I've been using jdk8 websockets to develop my desktop java
applications.  Now that jdk9 is on my machine I started looking at
websockets and I'm not at all sure I like what I see.  Can someone
familiar with this feature please explain the rationale for what is
happening?

I'm concerned, at this initial stage, primarily by
WebSocket.request(long).  This "feature" seems to have at least two
very negative impacts:

1)  It appears to destroy the asynchronous nature of websockets;
2)  It appears to place programmers in the impossible position of
guessing how many messages the server side might send.

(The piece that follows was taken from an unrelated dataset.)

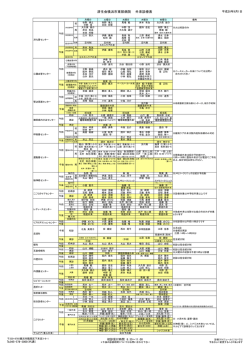外来診療表 最終更新日 - 済生会横浜市東部病院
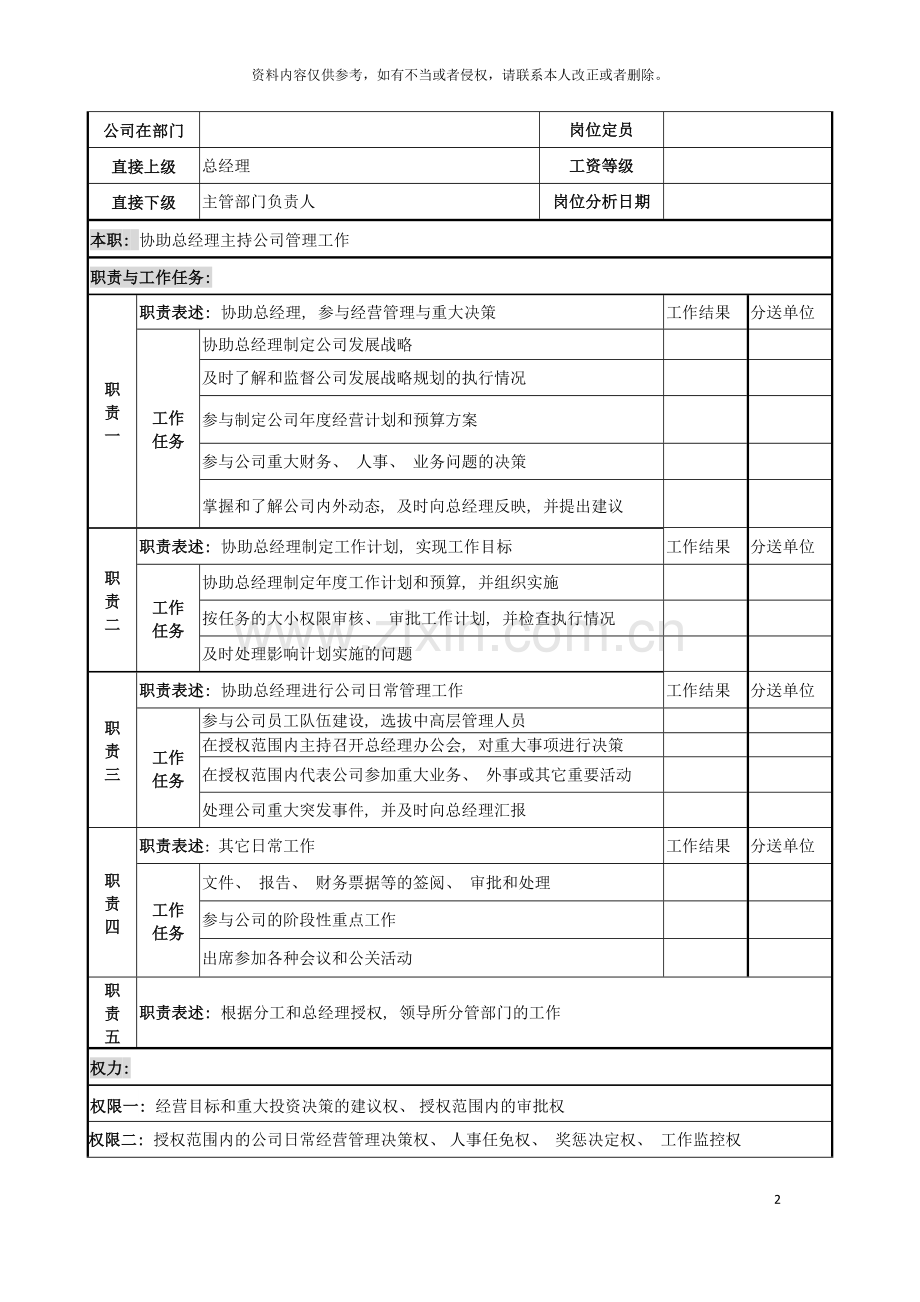 电力公司副总经理岗位说明书模板.doc_第2页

1)  If everything has to stop while the client asks for more messages
asynchronous communication is nullified.  The jdk8 implementation is,
therefore, much more functional.

2)  It would appear the only logical use of WebSocket.request() would
be to use a long value of Long.MAX_VALUE since there is no way to know
how many messages may be received.  And what if the programmer asks
for 1 message and the next message has 3 parts.  We're screwed.
Additionally, the documentation specifically states that the
WebSocket.Listener does not distinguish between partial and whole
messages.  The jdk8 implementation decoders/encoders accumulate
messages and assemble them until the message is complete and then pass
it to the Endpoint -- much more satisfactory arrangement.

I cannot fathom the meaning or improvement of this new wrinkle.